Let f(\boldsymbol{S}) be a real valued function of the second order tensor \boldsymbol{S}. Then the derivative of f(\boldsymbol{S}) with respect to \boldsymbol{S} (or at \boldsymbol{S}) in the direction \boldsymbol{T} is the second order tensor defined as

\frac{\partial f}{\partial \boldsymbol{S}}:\boldsymbol{T} = Df(\boldsymbol{S})[\boldsymbol{T}] = \left[\frac{d }{d \alpha}~f(\boldsymbol{S} + \alpha~\boldsymbol{T})\right]_{\alpha = 0}

for all second order tensors \boldsymbol{T}.

Properties:

1) If f(\boldsymbol{S}) = f_1(\boldsymbol{S}) + f_2(\boldsymbol{S}) then \frac{\partial f}{\partial \boldsymbol{S}}:\boldsymbol{T} = \left(\frac{\partial f_1}{\partial \boldsymbol{S}} + \frac{\partial f_2}{\partial \boldsymbol{S}}\right):\boldsymbol{T}

2) If f(\boldsymbol{S}) = f_1(\boldsymbol{S})~ f_2(\boldsymbol{S}) then \frac{\partial f}{\partial \boldsymbol{S}}:\boldsymbol{T} = \left(\frac{\partial f_1}{\partial \boldsymbol{S}}:\boldsymbol{T}\right)~f_2(\boldsymbol{S}) + f_1(\boldsymbol{S})~\left(\frac{\partial f_2}{\partial \boldsymbol{S}}:\boldsymbol{T} \right)

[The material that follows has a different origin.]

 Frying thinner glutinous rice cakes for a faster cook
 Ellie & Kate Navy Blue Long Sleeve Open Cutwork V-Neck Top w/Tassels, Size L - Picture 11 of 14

3) If f(\boldsymbol{S}) = f_1(f_2(\boldsymbol{S})) then \frac{\partial f}{\partial \boldsymbol{S}}:\boldsymbol{T} = \frac{\partial f_1}{\partial f_2}~\left(\frac{\partial f_2}{\partial \boldsymbol{S}}:\boldsymbol{T} \right)

Derivatives of tensor valued functions of second-order tensors

Let \boldsymbol{F}(\boldsymbol{S}) be a second order tensor valued function of the second order tensor \boldsymbol{S}. Then the derivative of \boldsymbol{F}(\boldsymbol{S}) with respect to \boldsymbol{S} (or at \boldsymbol{S}) in the direction \boldsymbol{T} is the fourth order tensor defined as

\frac{\partial \boldsymbol{F}}{\partial \boldsymbol{S}}:\boldsymbol{T} = D\boldsymbol{F}(\boldsymbol{S})[\boldsymbol{T}] = \left[\frac{d }{d \alpha}~\boldsymbol{F}(\boldsymbol{S} + \alpha~\boldsymbol{T})\right]_{\alpha = 0}

for all second order tensors \boldsymbol{T}.

Properties:

1) If \boldsymbol{F}(\boldsymbol{S}) = \boldsymbol{F}_1(\boldsymbol{S}) + \boldsymbol{F}_2(\boldsymbol{S}) then \frac{\partial \boldsymbol{F}}{\partial \boldsymbol{S}}:\boldsymbol{T} = \left(\frac{\partial \boldsymbol{F}_1}{\partial \boldsymbol{S}} + \frac{\partial \boldsymbol{F}_2}{\partial \boldsymbol{S}}\right):\boldsymbol{T}

2) If \boldsymbol{F}(\boldsymbol{S}) = \boldsymbol{F}_1(\boldsymbol{S})\cdot\boldsymbol{F}_2(\boldsymbol{S}) then \frac{\partial \boldsymbol{F}}{\partial \boldsymbol{S}}:\boldsymbol{T} = \left(\frac{\partial \boldsymbol{F}_1}{\partial \boldsymbol{S}}:\boldsymbol{T}\right)\cdot\boldsymbol{F}_2(\boldsymbol{S}) + \boldsymbol{F}_1(\boldsymbol{S})\cdot\left(\frac{\partial \boldsymbol{F}_2}{\partial \boldsymbol{S}}:\boldsymbol{T} \right)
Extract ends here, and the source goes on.